This article was published on April 1, 2016 and may be out of date. To maintain our historical record, The Cascade does not update or remove outdated articles.

By Martin Castro (The Cascade) – Email

 

Screen Shot 2016-04-01 at 4.35.49 PM

 

Cup Noodles are a beautiful thing. We can add some hot water to this thing in a styrofoam cup and have half a meal ready in five minutes. That kind of food technology was once thought to be reserved solely for astronauts orbiting the earth, with very little space or access to water. Now we can walk into a 7-Eleven and pick up 12 of those bad boys for like, $10.

As a matter of fact, I looked up Cup Noodles to double check their price at 7-Eleven, and apparently you don’t even have to leave your house to get your hands on food anymore. That’s right! You can buy a 12-pack of chicken-flavoured Nissin Cup Noodles for $9.55 from Amazon and have it delivered to your front door in 8-12 business days.

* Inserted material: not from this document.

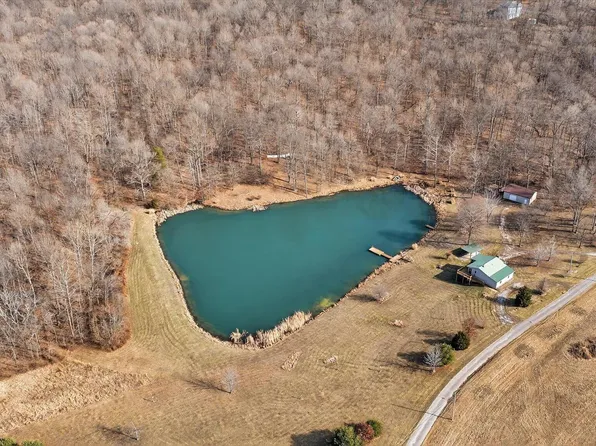 8923 E Sassafras Rd, Bloomfield, IN 47424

What a time to be alive! Everything really is at our fingertips.

Everything is just a button or keystroke away. You have to love it. One button here, and you’ve got yourself a whole new wardrobe; another button, and you’ve downloaded all of Margaret Atwood’s life’s work onto your Kindle.

And then, in a secret military complex housed deep in an unmapped mountain range, a security guard named Earl puts down his iPad (not his Kindle. Earl is a steadfast Apple consumer, and we all know brand disloyalty is treason) and reaches for his Cup Noodles. Earl’s kind of annoyed.

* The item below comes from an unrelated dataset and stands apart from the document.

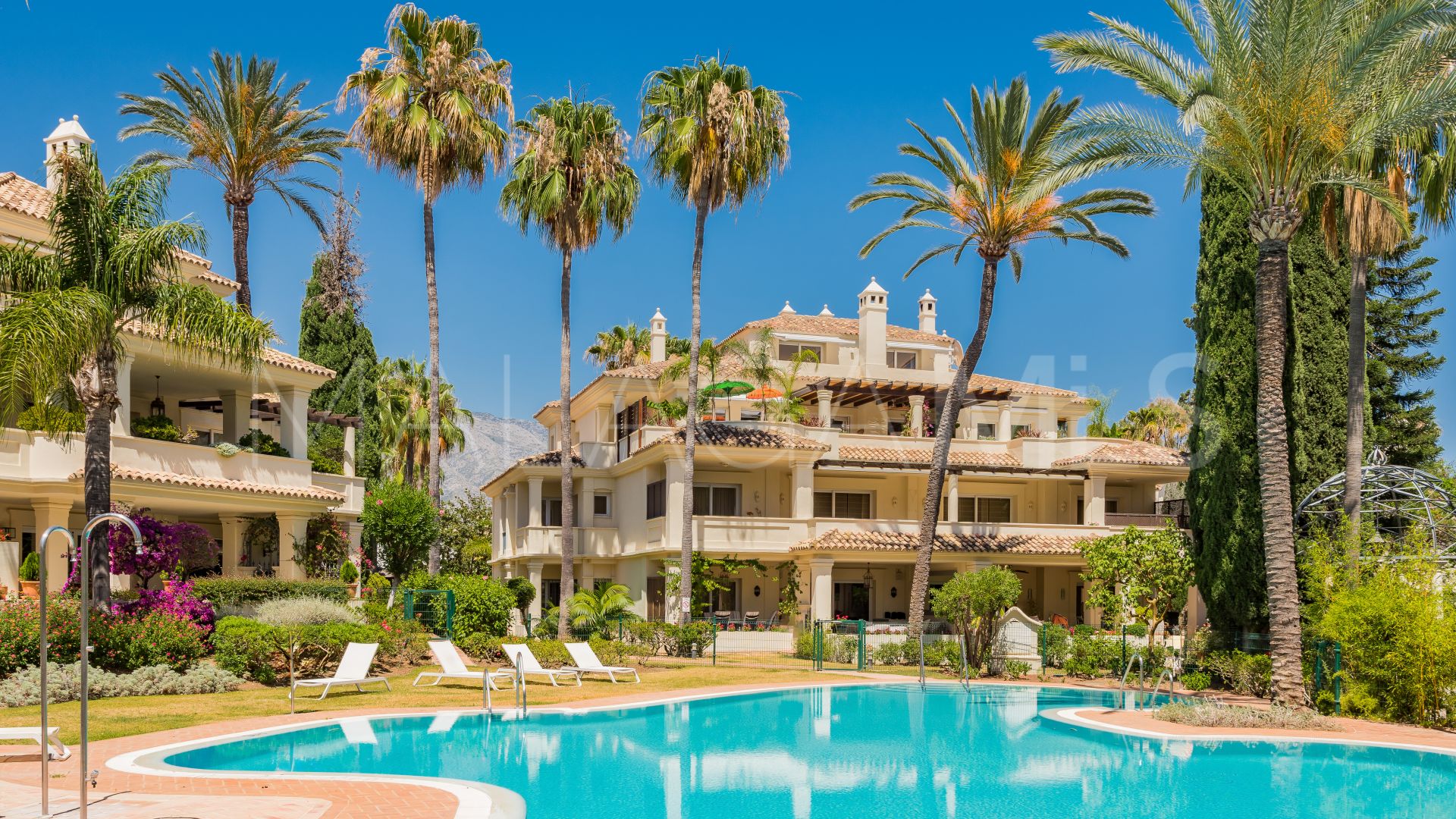 Apartamento with 3 bedrooms a la venta in Las Alamandas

Seriously, who has five minutes to wait around for noodles? he thinks, leaning out of his chair. And just as he’s grabbed his hot, noodly prize, an alarm goes off. Earl looks down in horror; he’s pressed his iPad to the “Fire Missile” button. And this is how the world ends.

Electricity is no longer a thing, houses lose their heating, our iPads run out of power and we have no way of charging them back up, wi-fi is a thing of the past. People wander out of their tanning beds and outside dazed, unaccustomed to actual sunlight.

Down the street, in the supermarket, Debora, Earl’s wife, is desperately trying to find one more $5 bill in her purse. The ATMs are down, the debit / credit system is broken, there’s no electricity, and stores only take cash. And so after minutes of ravaging through her purse, Debora scrounges up two fivers and a ten to pay for groceries.

But five days later Debora is near death, because as she prepared to heat her Cup Noodles, she realized nobody in her neighborhood had actual kettles, only electric ones. And everyone’s got electric stoves.

And on the off chance somebody gets a fire going, what are we going to do? Nobody can cook. I don’t know how to hunt a deer, or gut it, or cook it. Neither does Earl, or Debora.

And there’s only so many Cup Noodles.

And so, on the 27th day of the apocalypse Debora and Earl realize they can’t even start a fire, because they have no cash, only credit cards. They can’t even use the pages of books for kindling, because all their books are on Kindles.

“I know they said the print industry was going out of business,” says Earl, “but all of Ray Bradbury’s life’s work was on sale for $29.99, and I didn’t really want to wait for them to ship here.”